This is a question that has come up in the last two classes I taught, so I figured we should address it. Many moms (ok, most moms) have no idea what to expect when it comes to breastfeeding, and then the thought of returning to work and pumping, and then comes weaning. Many parents seem to be concerned with the ending of the breastfeeding relationship and when this should happen.
Let’s look at what the American Academy of Pediatcrics has to say:
Breastfeeding is a natural and beneficial source of nutrition and provides the healthiest start for an infant. In addition to the nutritional benefits, breastfeeding promotes a unique and emotional connection between mother and baby. In the policy statement, “Breastfeeding and the Use of Human Milk,” published in the March 2012 issue of Pediatrics (published online Feb. 27), the American Academy of Pediatrics (AAP) reaffirms its recommendation of exclusive breastfeeding for about the first six months of a baby’s life, followed by breastfeeding in combination with the introduction of complementary foods until at least 12 months of age, and continuation of breastfeeding for as long as mutually desired by mother and baby.
They go on to discuss many reasons breastfeeding is important.
Another great resource is the World Health Organization, what is their thought about breastfeeding?
Exclusive breastfeeding is recommended up to 6 months of age, with continued breastfeeding along with appropriate complementary foods up to two years of age or beyond.
So the recommendation is to introduce solid foods and/or water around 6 months, but continue breastfeeding for 1 – 2 years.
What does science tell us? Anthropologist Katherine Dettwyler tells us that human babies naturally wean between 2.5 and 7 years of age. There are many reasons to continue breastfeeding as long as you and your baby are happy.
As with everything in motherhood, breastfeeding is not a one size fits all approach. Every mother/baby dyad has a different set of circumstances to work within. Breastfeeding is really important for both moms and babies, and there is never a point where your milk becomes bad for your little one. Unfortunately we live in a society that tells moms that ‘breast is best’ but then turns around and says, ‘but not if I have to see it’. We preach about the importance of breastfeeding and do little to actually support families through the process.

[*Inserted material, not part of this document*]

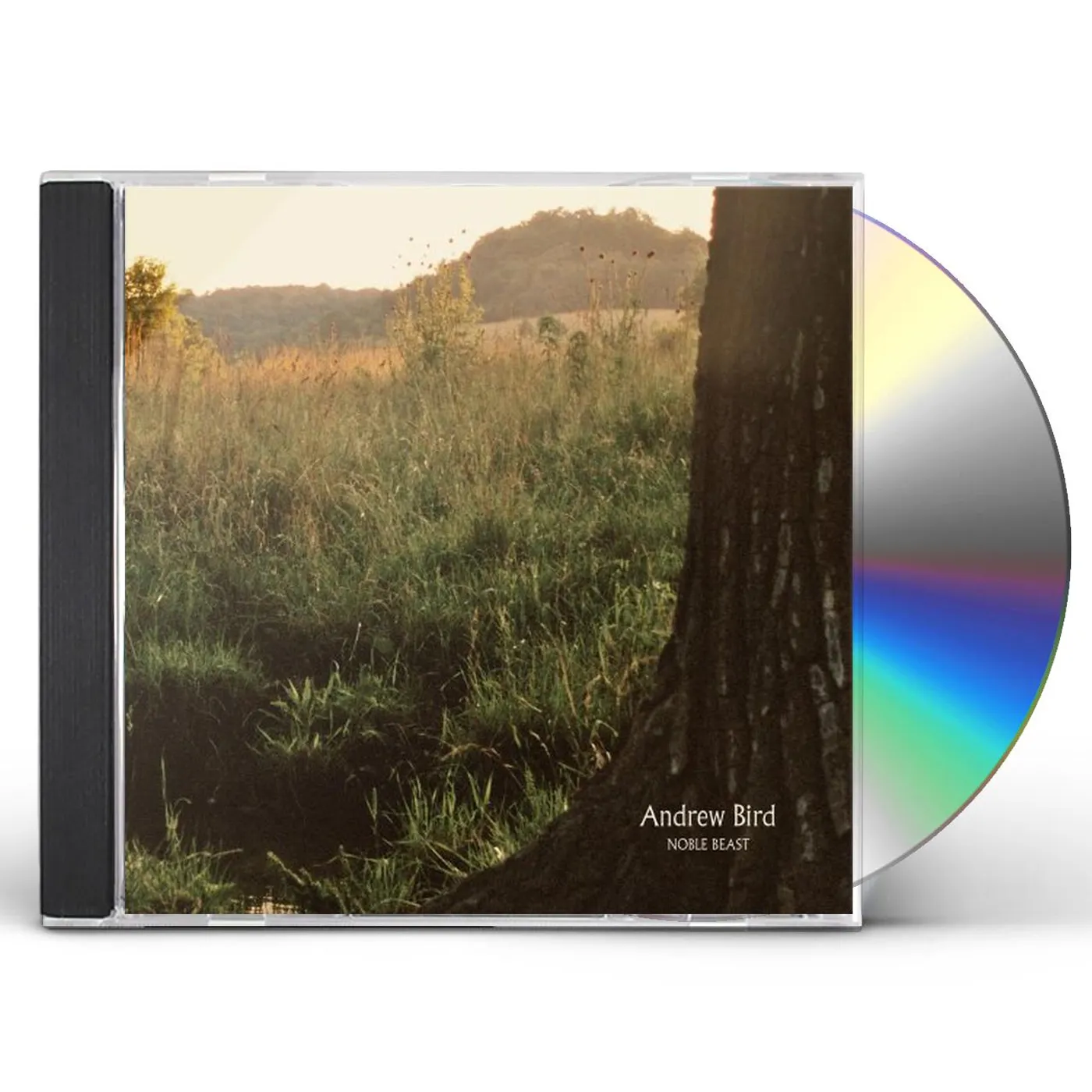 Andrew Bird NOBLE BEAST CD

The CDC Breastfeeding Report Card tells us that 76% of moms initiate breastfeeding, but only 16% meet the WHO & APP recommendation for exclusive breastfeeding for the first 6 months. And only 27% of moms are still breastfeeding at 12 months, which is the minimum age of weaning recommended by the AAP, and still a year shy of the WHO recommendations.
I tell moms that I can’t tell them when they should stop breastfeeding, but we know that breastmilk is never bad for babies, and they won’t go to college still nursing. Only you can decide what your breastfeeding relationship will look like. But don’t sell yourself short, and don’t let the fear of the unknown stop you from doing something you feel is best for you and your baby. Surround yourself with positive people who will support you through your breastfeeding relationship and follow your baby’s lead. You can’t go wrong when you follow your baby’s lead.
How long did you intend to breastfeed? Did you achieve your goals?